Abstract
BACKGROUND
Glucose-insulin-potassium (GIK) may improve cardiovascular performance after coronary artery bypass graft surgery (CABG). Our study investigated whether an infusion of GIK during elective CABG surgery in type II diabetic patient improved left ventricular performance.
METHODS
We measured left ventricular ejection fraction and troponin (Tn), a myofibrillar structural protein. In this research, after ethics committee approval, 50 patients with type 2 diabetes mellitus (DM) were enrolled into a randomized simple sampling, prospective, double-blind clinical trial study. In the case group, 500 cc dextrose water 5% plus 80 IU regular insulin and 40 mEq KCL were infused at the rate of 30 cc/hr. Patients in control group received 5% dextrose solution at the rate of 30cc/hr. Venous blood samples were taken before induction of anesthesia, after removal of the aortic clamp and before discharging from hospital. The Mann-Whitney-test was used to test for differences in troponin concentration between the groups.

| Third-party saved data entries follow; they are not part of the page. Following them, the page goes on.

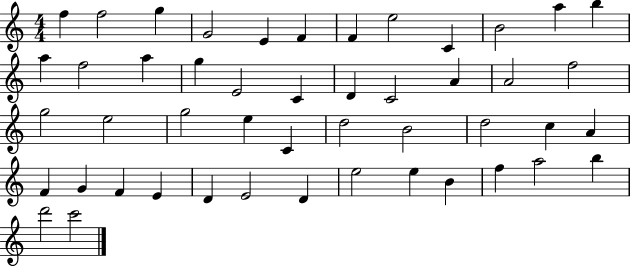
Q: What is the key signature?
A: C major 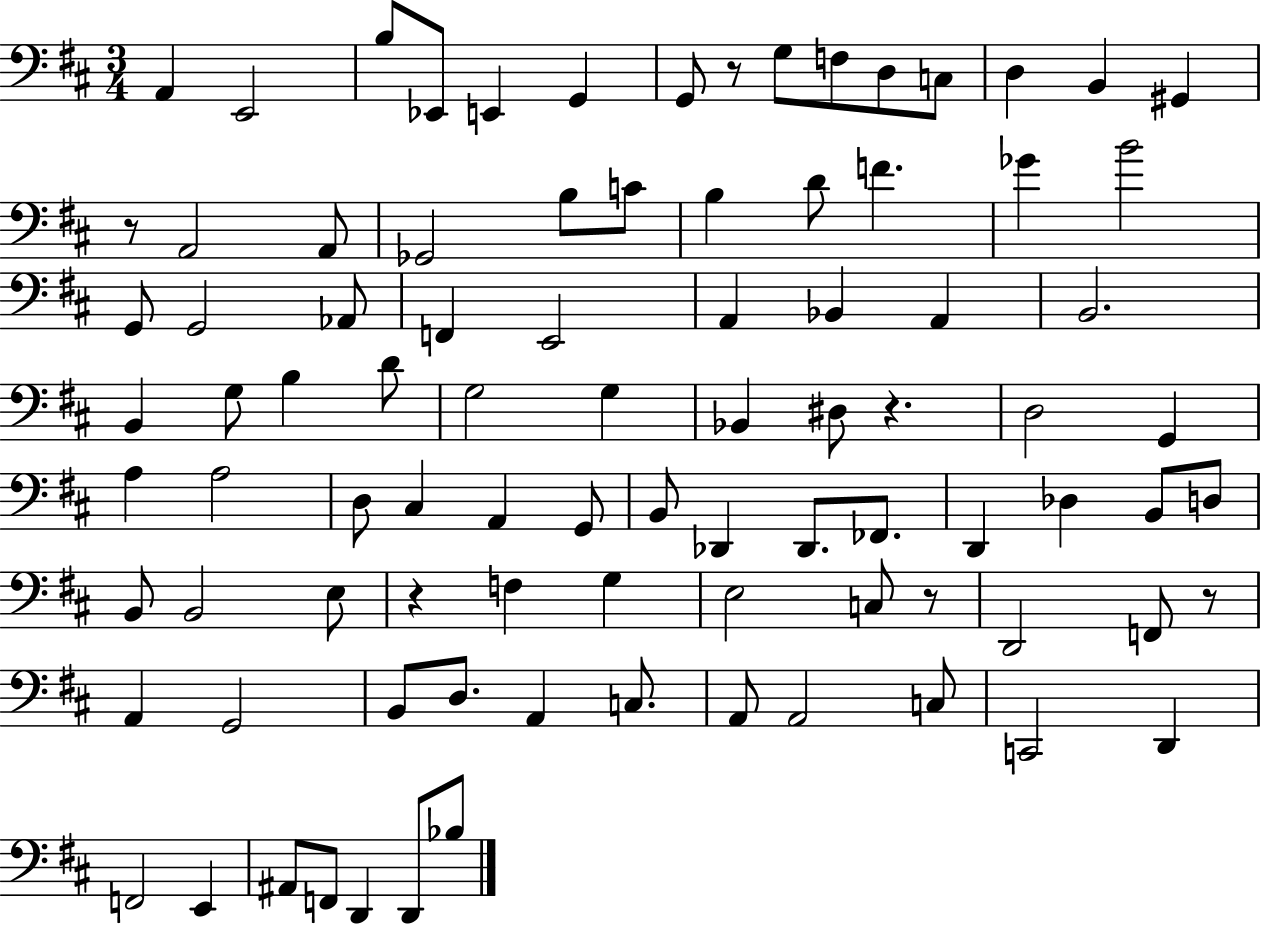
A2/q E2/h B3/e Eb2/e E2/q G2/q G2/e R/e G3/e F3/e D3/e C3/e D3/q B2/q G#2/q R/e A2/h A2/e Gb2/h B3/e C4/e B3/q D4/e F4/q. Gb4/q B4/h G2/e G2/h Ab2/e F2/q E2/h A2/q Bb2/q A2/q B2/h. B2/q G3/e B3/q D4/e G3/h G3/q Bb2/q D#3/e R/q. D3/h G2/q A3/q A3/h D3/e C#3/q A2/q G2/e B2/e Db2/q Db2/e. FES2/e. D2/q Db3/q B2/e D3/e B2/e B2/h E3/e R/q F3/q G3/q E3/h C3/e R/e D2/h F2/e R/e A2/q G2/h B2/e D3/e. A2/q C3/e. A2/e A2/h C3/e C2/h D2/q F2/h E2/q A#2/e F2/e D2/q D2/e Bb3/e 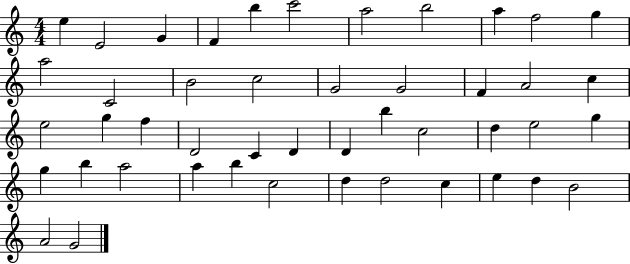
E5/q E4/h G4/q F4/q B5/q C6/h A5/h B5/h A5/q F5/h G5/q A5/h C4/h B4/h C5/h G4/h G4/h F4/q A4/h C5/q E5/h G5/q F5/q D4/h C4/q D4/q D4/q B5/q C5/h D5/q E5/h G5/q G5/q B5/q A5/h A5/q B5/q C5/h D5/q D5/h C5/q E5/q D5/q B4/h A4/h G4/h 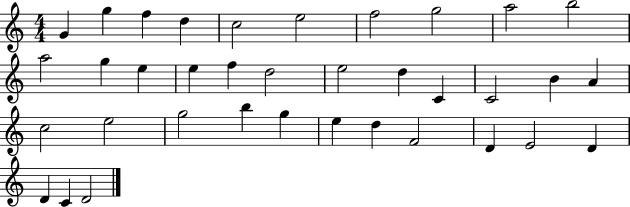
G4/q G5/q F5/q D5/q C5/h E5/h F5/h G5/h A5/h B5/h A5/h G5/q E5/q E5/q F5/q D5/h E5/h D5/q C4/q C4/h B4/q A4/q C5/h E5/h G5/h B5/q G5/q E5/q D5/q F4/h D4/q E4/h D4/q D4/q C4/q D4/h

Fisher's exact test was used to determine whether there was a difference in the proportion of patients with a low ejection fraction (<45%) in the case group compared with that in the control group. Changes in potassium and glucose concentrations over time within the groups were examined by ANOVA and paired t-tests. P < 0.05 was regarded as significant level for all tests.
RESULTS
In this study, 50 patients with type 2 DM were evaluated in case and control groups. The mean age ± SD in the case group was 57.7 ± 9.9 years and in the other group was 61.2 ± 8.4 years. The groups were well-matched for age, sex and number of bypass grafts. Randomization did not give an equal distribution of male and female patients. There wasn't any significant difference in ejection fraction between the case and control groups before and after CABG (P > 0.05). Troponin concentration in the case group was 3.3 ± 5.0 and in the control group was 3.9 ± 5.1. There was no significant difference in Tn between the two groups before and after CABG (P > 0.05). There was not any significant difference in hospitalization time between the two groups.
CONCLUSION
The results suggested that GIK can't improve left ventricular performance in routine CABG surgery.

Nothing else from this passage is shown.